Donald Trump: Outside Walter Reed, there’s a misinformation epidemic
Our modern media culture presents few less edifying spectacles than that of a stadium-sized crowd of animated journalists, commentators and pundits speculating on demand on the state of a man’s health.
In previous times, when popes and kings fell sick, followers would gather at churches and public places to pray for his recovery or, failing that, the smooth passage of his soul to a better place.
The secular equivalent today is a TV studio or social-media feed brimming with a white-coated army of attention-hungry physicians, academics and sundry experts, all apparently skilled enough to offer confident long-distance consultations about a patient they’ve never met.
Of course the patient being President Trump, the medical observations are especially dire and, at the same time, especially critical. Since the president fell ill late last week, roughly half the commentator class seems to be angry that he got sick and half angry that he hasn’t died yet. Consistency not being widely observed in the news business these days, there’s been significant overlap between the two. From their vantage point on the West Coast or at Rockefeller Centre, experts have gravely informed us that the president’s pallor, the timeline of his infection and the regimen of drugs he’s on all mean he’s got an especially serious case of Covid-19. I read and saw several this weekend who put his chances of survival at not much better than 2 in 3, even as he was evidently up and about and not on his last legs.

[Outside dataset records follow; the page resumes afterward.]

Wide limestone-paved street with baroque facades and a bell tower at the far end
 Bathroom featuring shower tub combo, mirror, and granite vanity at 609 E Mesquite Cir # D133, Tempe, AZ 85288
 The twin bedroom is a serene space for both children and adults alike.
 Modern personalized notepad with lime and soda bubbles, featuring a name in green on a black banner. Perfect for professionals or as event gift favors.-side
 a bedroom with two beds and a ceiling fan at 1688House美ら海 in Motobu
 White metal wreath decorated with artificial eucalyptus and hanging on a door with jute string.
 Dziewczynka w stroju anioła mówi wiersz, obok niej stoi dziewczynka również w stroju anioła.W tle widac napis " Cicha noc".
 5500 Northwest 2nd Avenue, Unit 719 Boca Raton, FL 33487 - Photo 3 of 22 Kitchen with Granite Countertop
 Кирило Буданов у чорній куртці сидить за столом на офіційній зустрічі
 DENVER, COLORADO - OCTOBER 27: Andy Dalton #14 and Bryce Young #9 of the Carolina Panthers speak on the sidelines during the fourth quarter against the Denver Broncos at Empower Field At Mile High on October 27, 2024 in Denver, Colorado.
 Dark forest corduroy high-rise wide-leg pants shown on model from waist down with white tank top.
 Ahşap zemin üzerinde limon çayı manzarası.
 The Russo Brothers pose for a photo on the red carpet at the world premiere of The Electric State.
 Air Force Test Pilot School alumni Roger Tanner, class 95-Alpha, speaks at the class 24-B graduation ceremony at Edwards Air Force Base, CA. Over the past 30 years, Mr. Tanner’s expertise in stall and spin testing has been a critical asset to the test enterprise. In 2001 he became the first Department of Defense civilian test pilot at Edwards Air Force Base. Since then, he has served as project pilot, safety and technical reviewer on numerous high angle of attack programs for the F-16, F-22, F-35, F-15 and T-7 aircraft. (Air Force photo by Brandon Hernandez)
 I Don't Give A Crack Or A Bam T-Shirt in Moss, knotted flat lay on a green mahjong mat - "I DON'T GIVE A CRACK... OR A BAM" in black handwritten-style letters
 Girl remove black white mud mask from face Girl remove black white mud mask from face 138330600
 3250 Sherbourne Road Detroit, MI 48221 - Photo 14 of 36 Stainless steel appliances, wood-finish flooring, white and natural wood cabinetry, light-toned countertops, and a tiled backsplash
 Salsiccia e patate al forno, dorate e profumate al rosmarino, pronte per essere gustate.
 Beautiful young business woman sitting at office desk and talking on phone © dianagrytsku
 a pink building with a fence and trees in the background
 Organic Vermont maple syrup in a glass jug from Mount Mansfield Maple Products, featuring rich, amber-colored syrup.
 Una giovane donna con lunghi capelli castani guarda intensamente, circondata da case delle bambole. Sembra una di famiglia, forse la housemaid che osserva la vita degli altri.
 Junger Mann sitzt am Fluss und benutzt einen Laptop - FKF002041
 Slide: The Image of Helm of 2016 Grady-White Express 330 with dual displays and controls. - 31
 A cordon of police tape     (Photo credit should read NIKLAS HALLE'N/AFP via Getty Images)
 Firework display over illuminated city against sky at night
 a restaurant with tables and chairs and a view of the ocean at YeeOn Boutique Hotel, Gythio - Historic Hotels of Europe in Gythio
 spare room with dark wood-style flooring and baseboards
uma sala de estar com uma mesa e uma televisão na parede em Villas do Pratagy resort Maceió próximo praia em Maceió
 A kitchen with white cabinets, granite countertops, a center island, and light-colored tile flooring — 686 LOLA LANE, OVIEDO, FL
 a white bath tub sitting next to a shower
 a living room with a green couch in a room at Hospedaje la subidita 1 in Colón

— Donald J. Trump (@realDonaldTrump) October 5, 2020
These pathological limelight-seekers all agree that the etiology of the affliction is simple: the patient’s gross recklessness and irresponsible behaviour. He’s to blame for his own malady and for those of millions of others. His sickness is condign affirmation of his manifold failures, arrogance and incompetence. I hope to God these people don’t treat their regular patients like that. Nurse Ratched will see you now.
It’s easy to be cynical about this latest outbreak of media hysteria and bile. It would almost be comforting to think that it’s all their fault. But the White House itself carries much of the blame for this rancid atmosphere of mistrust and misdirection.
The bizarre standoff outside Walter Reed Medical Center between the White House and its press tormentors served as a brief, depressing theatrical summary of four years of this presidency.
First Sean Conley, the president’s physician, gave his sunny version of the president’s health on Saturday. He was almost immediately contradicted in the most transparent off-the-record briefing by Mark Meadows, the White House chief of staff. If you wanted an allegorical picture of the Trump presidency, here it was: evasion and prevarication followed by an unverifiable half-truth mumbled into a reporter’s ear.
This Trumpian allegory continued the next day when Dr. Conley tried to explain his misdirection with a novel bit of science: “I didn’t want to give any information that might steer the course of illness in another direction.” Who knew? A virus in the body responds to words spoken at a press briefing. This sounds important.
If you had wanted to feed a hostile media’s suspicion and hostility, you couldn’t have done a better job.
The episode was as revealing as much for its ineptitude as its effort at deception. I always thought the depiction of this presidency as a mortal threat to American democracy and constitutional government was a fanciful absurdity. There’s always been more of a Keystone Kops than a Kremlin quality to Mr Trump’s methods. And it’s all so unnecessary. The president, it seems, is already on his way to recovery.
Even so, this low, depressing spectacle — a media ever more eager to peddle unsubstantiated information of the most negative sort in pursuit of an ideological agenda, and a political class feeding dishonesty to its own partisans — is the larger allegory of modern democracy on display. It points to a much deeper sickness in American politics and culture. The level of mutual mistrust — between the government and the media, between partisans of one stripe and another — is like a cancer, steadily eating away at the vital organs of the republic. Societies can’t function without a broad base of trust, a willingness to believe things one can’t prove; an acceptance of the reality of things one might not want to hear.
Unlike those physicians pronouncing their diagnoses from thousands of miles away, I can’t state with confidence the immediate prognosis for this cultural and political affliction.
But you don’t need to be a medical expert to fear that, if some kind of remedy isn’t found soon, it’s looking terminal.